▶ [Provided records]
#####
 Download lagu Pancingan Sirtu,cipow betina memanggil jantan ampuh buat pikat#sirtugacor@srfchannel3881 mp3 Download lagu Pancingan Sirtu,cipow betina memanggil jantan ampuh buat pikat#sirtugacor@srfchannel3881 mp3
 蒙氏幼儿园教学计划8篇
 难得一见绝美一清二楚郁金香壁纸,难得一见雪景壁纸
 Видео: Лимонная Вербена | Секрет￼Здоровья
#####
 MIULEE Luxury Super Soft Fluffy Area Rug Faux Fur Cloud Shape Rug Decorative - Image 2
#####
▶ [Task brief] Exactly the lines above from the one with "pikat#sirtugacor@srfchannel3881 mp3 Download" to the one with "难得一见绝美一清二楚郁金香壁纸,难得一见雪景壁纸", both included, are to be quoted; leave the rest out.

▶ [Finished task]
 Download lagu Pancingan Sirtu,cipow betina memanggil jantan ampuh buat pikat#sirtugacor@srfchannel3881 mp3 Download lagu Pancingan Sirtu,cipow betina memanggil jantan ampuh buat pikat#sirtugacor@srfchannel3881 mp3
 蒙氏幼儿园教学计划8篇
 难得一见绝美一清二楚郁金香壁纸,难得一见雪景壁纸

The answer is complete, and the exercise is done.